Hacemos de los hijos fábricas de perfección fracasadas

Soy padre de cuatro hijos. Cada uno de ellos es diferente a los otros tres. Afortunadamente, son como son, con sus defectos, con las características que les convierten en chicos brillantes en campos distintos. Y no he pretendido educar a unos del mismo modo que a los otros porque creo que un padre no debe intentar condicionar la vida de sus hijos hasta tal punto, ni creo que sea bueno que intente eliminar sus defectos, ni decidir qué tipo de vida tendrán. Los padres están obligados a vivir su propia realidad y acompañar a sus hijos (en la suya) sin estorbar más de la cuenta. Mis hijos nacieron diferentes y, afortunadamente, seguirán siéndolo siempre.

¿Por qué queremos que nuestros hijos sean perfectos si nosotros tendemos a no serlo? ¿Por qué tienen que leer mucho si nosotros no lo hacemos? ¿Por qué tienen que escribir de maravilla si nosotros somos unos zopencos que no escribimos ni a la de tres? Pedimos a los hijos sobreesfuerzos absurdos que, sobre todo, les causan ansiedad y ni pizca de felicidad. En esta época del año, los padres que tienen hijos estudiando segundo de bachillerato andan nerviosos pensando en esas décimas que permitirían estudiar a sus hijos una ingeniería o medicina o un doble grado de postín, pero no se han planteado la satisfacción real del joven porque lo importante es que estudien algo con salidas profesionales (como si no hubiera médicos en paro o trabajando por un sueldo enano o como si un arquitecto tuviera la vida resuelta definitivamente; como si no hubiera personas que han estudiado cosas extrañas y sin salida segura que les va de maravilla porque encontraron trabajo debido a que lo hacían muy bien, de forma excelente).

El caso es que son lo que son y terminarán siendo lo que ellos decidan. Nos guste o no. Es posible que durante un tiempo vayan tragando con lo que les dicen, pero llegado un momento se acaba lo de claudicar. Como siempre ha sucedido.

No podemos pretender que sean lo que decidimos que sean. No.

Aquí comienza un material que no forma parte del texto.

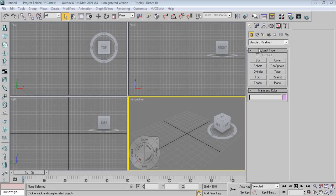Hello friends, welcome to Keyframes Online. My name is Abhishek Inamdar, I'm a Technical Director at Keyframes Animation Academy, Pune. Today I will show you how to make an office chair — right from modeling, texturing, and lighting. Basically today we'll see how to make an office chair with the help of splines. The main focus will be splines. So let's get started.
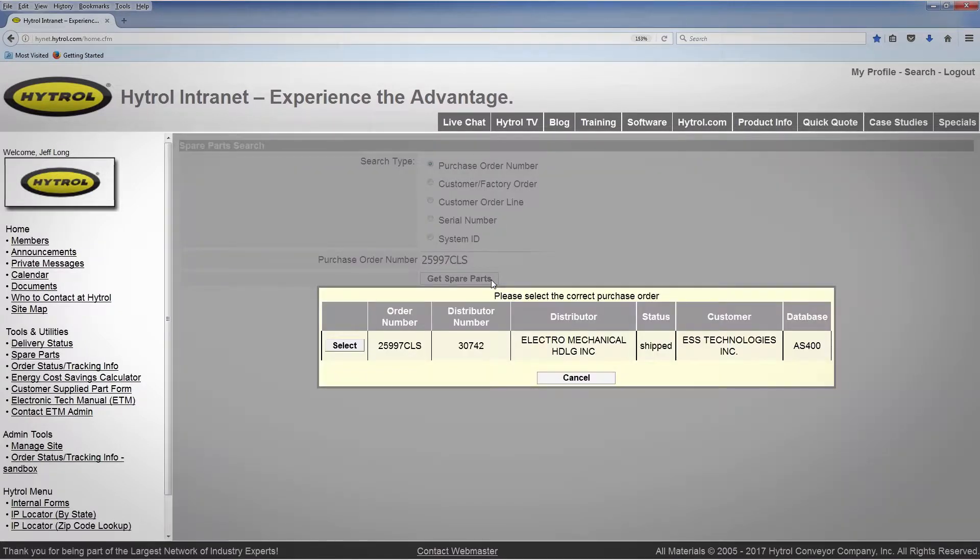You'll be prompted with a dialog box allowing you to select the correct order. Click select on the appropriate order.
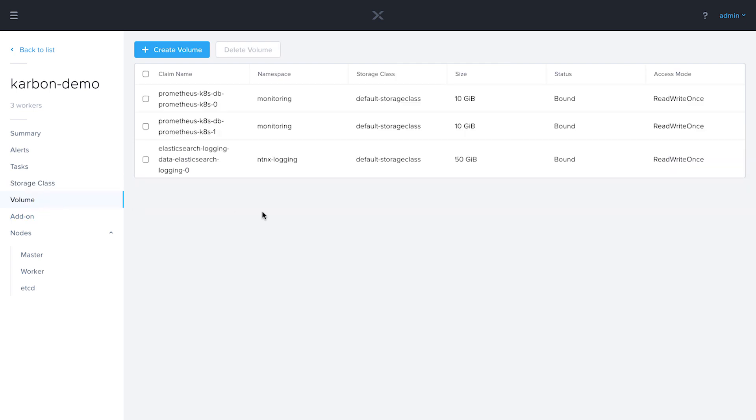Any volumes that get sourced from our storage classes will show up here. These are three volumes that get created automatically at Carbon cluster deployment. We see a couple of Prometheus volumes. That's for monitoring. And then we also see an Elasticsearch volume, which is for our Nutanix logging.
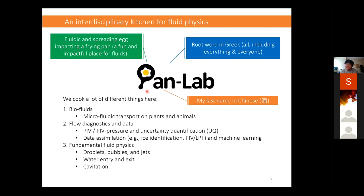We cook a lot of different things here. We have biofluids and biomechanics — we do a lot of biomechanics research about transport in plants and animals. We also do a lot of flow diagnostics and data science, for example uncertainty quantification and PIV/PTV-based pressure and acoustic reconstruction, as well as data simulation and some machine learning work. And we also do a lot of fundamental fluid physics: droplets, bubbles, vortex rings, jets, water entry and exit, and also cavitation. Today's talk will focus on cavitation.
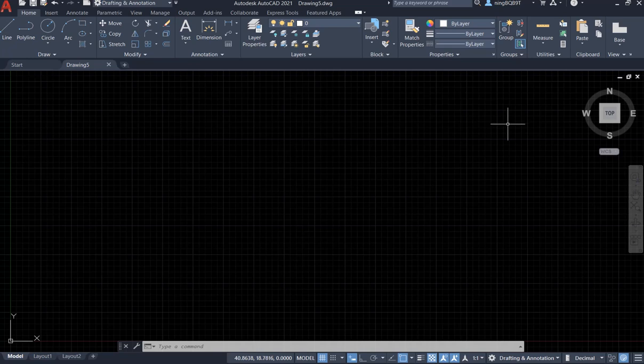Hello everyone. In this video, I'll keep talking about layers in AutoCAD 2021. So it's about freezing a layer.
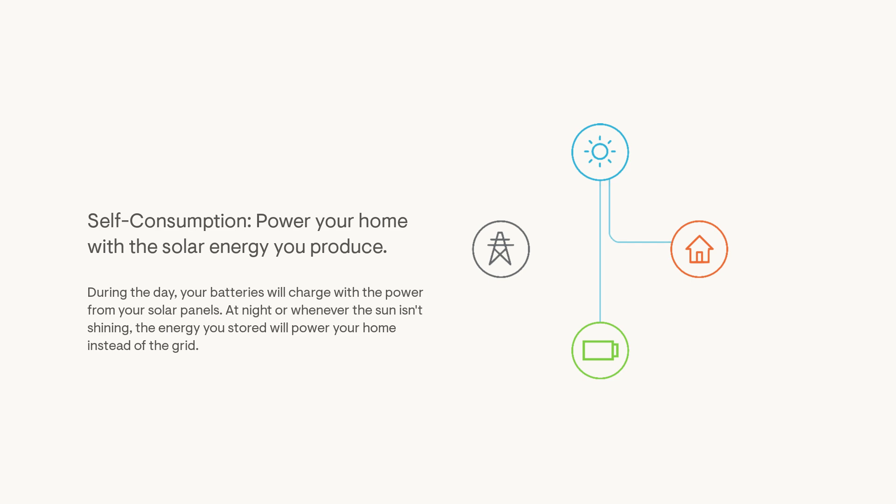Self Consumption aims to power your home with as much solar energy as possible by storing it in the batteries during the day and powering your home with it whenever the sun isn't shining.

Pensamos por ellos (lo intentamos); lo hacemos sin preguntar, imponiendo la ley del dinero que llevamos a casa, de nuestra experiencia, de nuestra forma de ver las cosas. Intentamos que renuncien a su propio yo con la excusa de ser sus padres. Sin darnos cuenta de algo terrible y brutal: estar convertidos en fábricas de perfección fracasadas.

Desde luego, no he venido a este mundo a construir perfecciones. A ver si nos enteramos de que lo del cine y la televisión es otra cosa. Eso es, precisamente, lo que nunca llegaremos a ser. Y eso, no alcanzar sueños imposibles, es la mayor de las desdichas. Aunque seas ingeniero, astronauta o cirujano plástico.